What is required »
Beginning with the line that contains "NO RESERVE , LEATHER", reproduce the remaining lines of the material exactly, up to and including the last one, but no pictures.
START Material provided
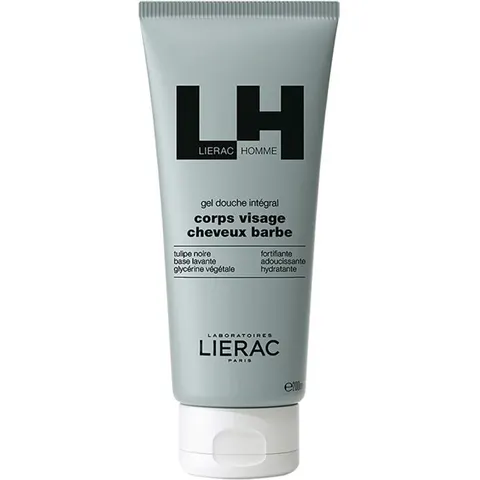Lierac Homme Duschgel – Bild 3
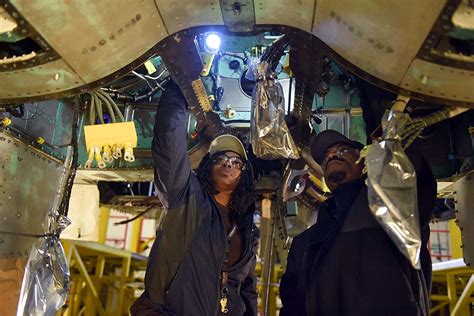 Team Robins maintenance pros continue PDM on Seymour Johnson F-15 > Robins Air Force Base ...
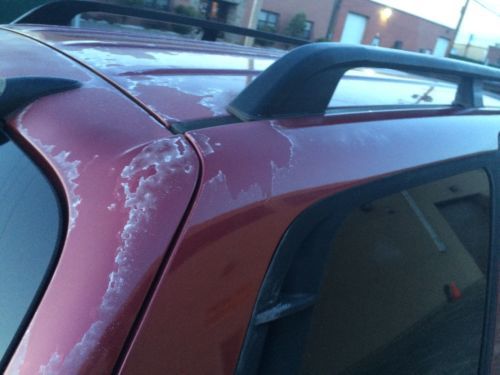 NO RESERVE , LEATHER , 4X4 , MOONROOF , RUNS GREAT, image 28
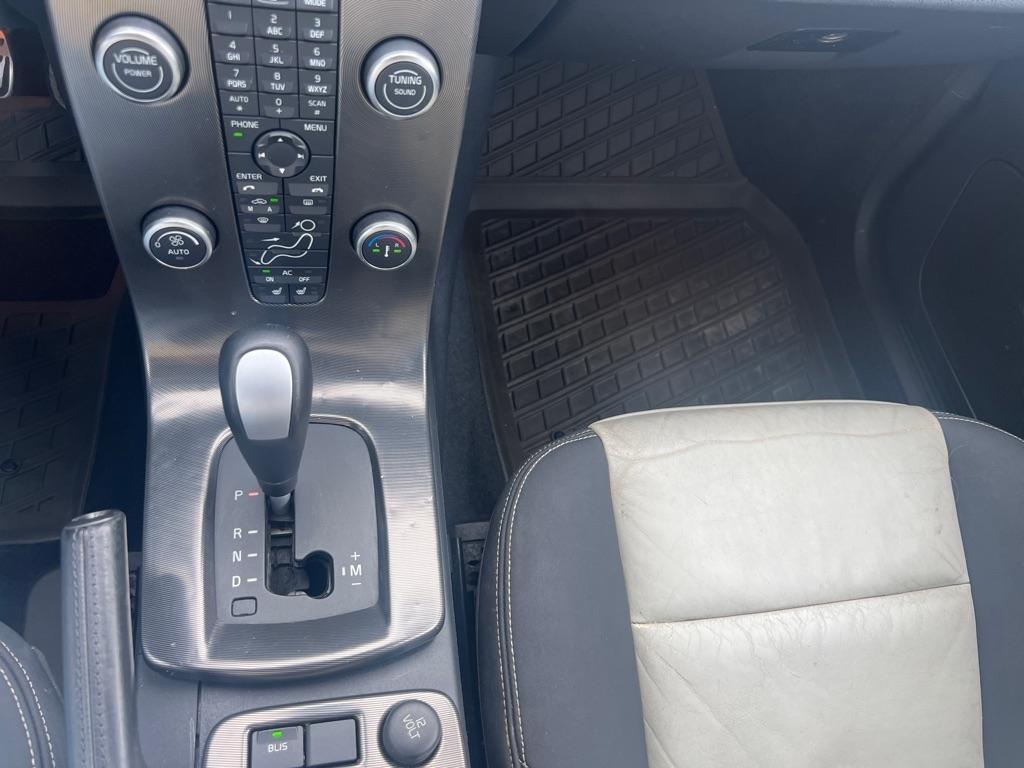 Volvo C30  2011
END Material provided
Solution to the exercise »
 NO RESERVE , LEATHER , 4X4 , MOONROOF , RUNS GREAT, image 28
 Volvo C30  2011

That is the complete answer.